Dans la pratique romande, la quasi-totalité des contrats entreprise-maître d'ouvrage-architecte intègrent la SIA 118, mais "intégrer" veut dire l'accepter explicitement dans le contrat, pas simplement la citer en bas d'offre.
2. Le pourcentage retenu : 10 %, parfois plus
Le taux de référence de la SIA 118 est de 10 % du montant des travaux. Une fois la réception faite, cette retenue peut être remplacée par une garantie bancaire ou une caution solidaire représentant 5 à 10 % de la somme du mandat.

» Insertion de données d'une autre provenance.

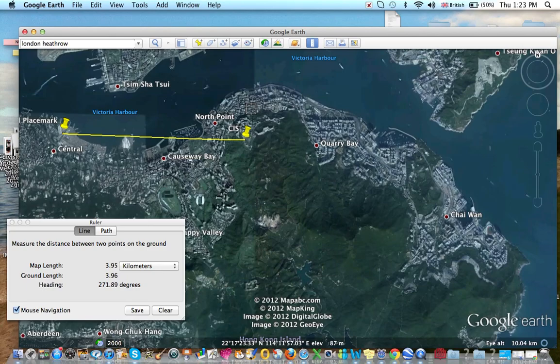So that's how you measure distance and direction using Google Earth. Thank you for watching this tutorial.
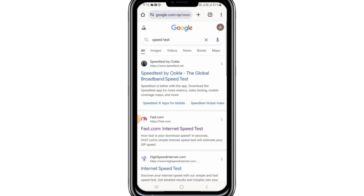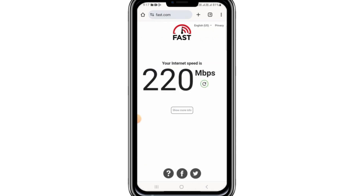To begin, check your internet connection. Open a web browser and use any internet speed testing website to measure your speed. The minimum speed required for Cash App to function smoothly is 2 to 3 megabits per second. If your speed meets this requirement, move to the next step.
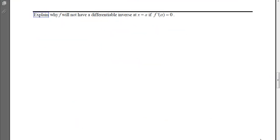Now attempt the web exam problems in your notes, and explain why f will not have a differentiable inverse at x equals a if f prime of a equals zero.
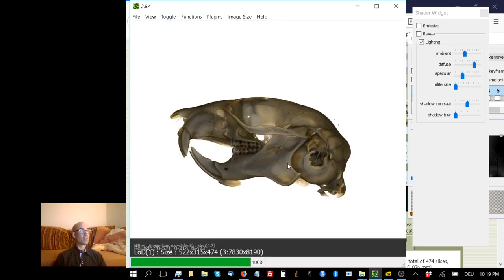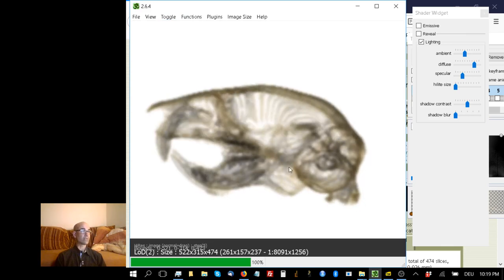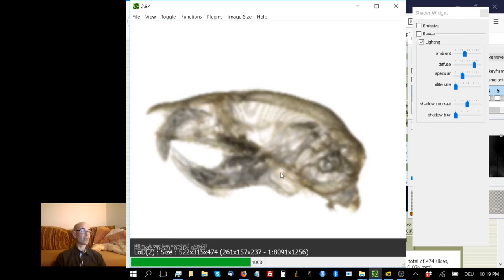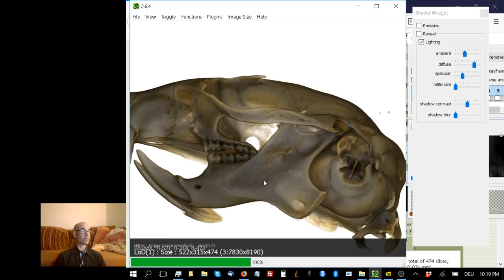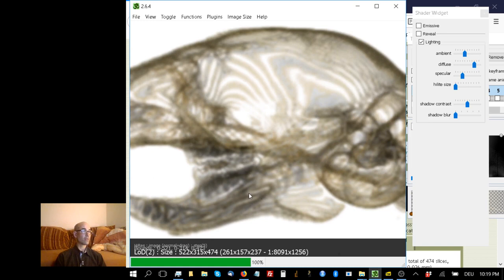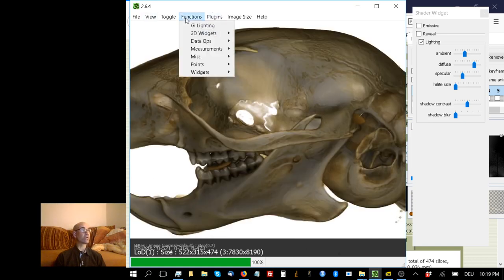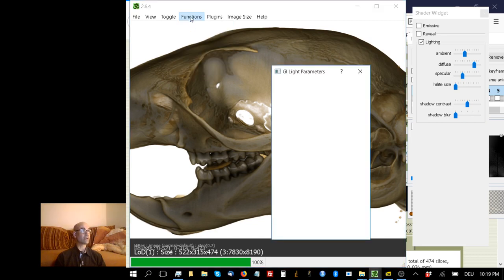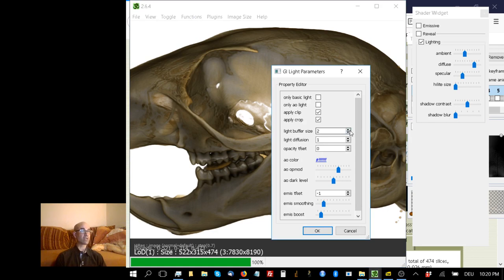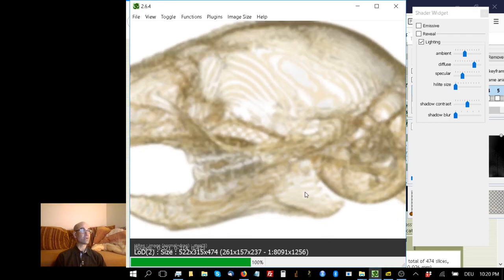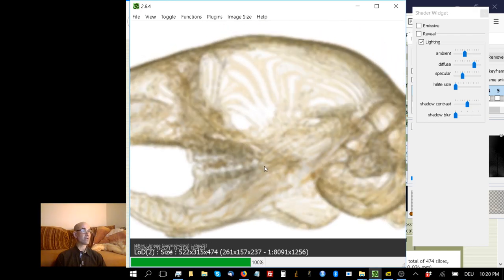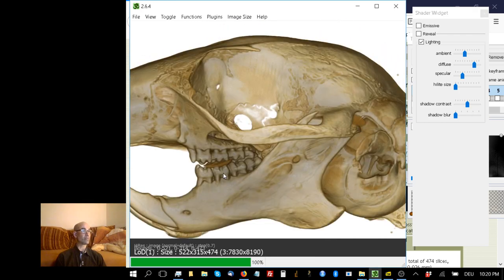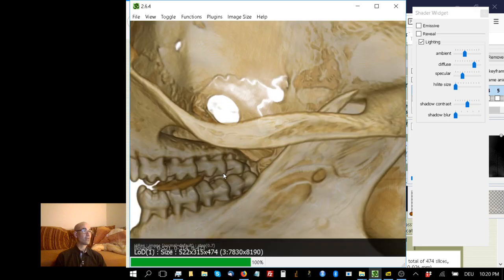Let's say I want to measure the length of one of these teeth. It's a little dark, so I'll show you another technique - GI lighting. I click on Function, GI lighting. If I increase light buffer size to seven and hit okay, it gets quite a bit brighter. That way I can see the teeth better. I'll just measure that lower fourth premolar.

Point de vigilance commercial : certains maîtres d'ouvrage ou entreprises générales exigent aujourd'hui des garanties allant jusqu'à 15 %, voire plus, en modifiant contractuellement les clauses standard de la SIA 118. Une association professionnelle romande a d'ailleurs pris position contre cette dérive, jugée disproportionnée par rapport au risque réel de défauts. Si un client ou un mandant vous impose un taux supérieur à 10 %, c'est négociable, ce n'est pas la norme.
3. Durée : combien de temps l'argent reste bloqué
Deux délais distincts à ne pas confondre :
Délai d'avis des défauts : sous SIA 118, vous disposez de 2 ans après réception pour signaler un défaut, contre un signalement quasi immédiat exigé par le CO seul.
Délai de garantie / prescription : généralement 5 ans dès la réception des travaux (SIA 118 comme CO pour les immeubles), porté à 10 ans en cas de dol (tromperie intentionnelle de l'entrepreneur).
Pour les travaux de transformation, la SIA 118 ne distingue pas ouvrages immobiliers et objets mobiliers : les deux délais tournent généralement autour de 5 ans.
Une entreprise avec des fonds propres et des résultats financiers solides peut négocier une garantie de fin de travaux étendue jusqu'à 5 ans au lieu des 2 ans standards : un argument à connaître si vous discutez les conditions avec un maître d'ouvrage ou un architecte.
4. Quand la retenue devient-elle exigible ?
Sous SIA 118, la restitution de la retenue suppose que quatre conditions cumulatives soient remplies :
Réception de l'ouvrage, écrite et documentée
Remise du décompte final et échéance du délai de contrôle
Constitution de la garantie de l'entrepreneur pour les défauts (garantie bancaire ou caution)
Remise de la documentation des travaux (plans révisés, etc.)
Tant que l'une de ces conditions manque (souvent la documentation ou le décompte final), la retenue reste bloquée, même si les travaux sont visuellement terminés. C'est un point de friction fréquent entre artisans et maîtres d'ouvrage.
5. Calcul pratique : un exemple concret
Prenons un contrat de rénovation de CHF 80'000.- sous SIA 118 :
Étape | Montant |
|---|---|
Montant total des travaux | CHF 80'000.- |
Retenue de garantie (10 %) | CHF 8'000.- |
Montant versé à chaque situation intermédiaire | 90 % de la situation facturée |
Solde retenu jusqu'à réception + 4 conditions remplies | CHF 8'000.- |
Si l'entrepreneur fournit une garantie bancaire de 5 % après réception (CHF 4'000.-), le solde de CHF 4'000.- peut être libéré immédiatement, le reste suivant le délai de garantie contractuel.
6. Le vrai problème : l'erreur de facturation, pas le calcul
Le taux de 10 % est simple à calculer sur le papier. L'erreur classique se produit sur le terrain : facturer 100 % du montant de l'offre alors que la retenue de garantie s'applique, et donc verser 10 % de trop au sous-traitant ou encaisser 10 % de trop qu'il faudra ensuite rembourser ou compenser.
Sur EVA-IT, la retenue de garantie s'inscrit directement dans l'offre. Chaque facture d'avancement l'applique automatiquement dans ses totaux, et un système de blocage empêche de facturer plus que 90 % du montant de l'offre tant que la retenue est active, même si l'avancement réel atteint 100 %.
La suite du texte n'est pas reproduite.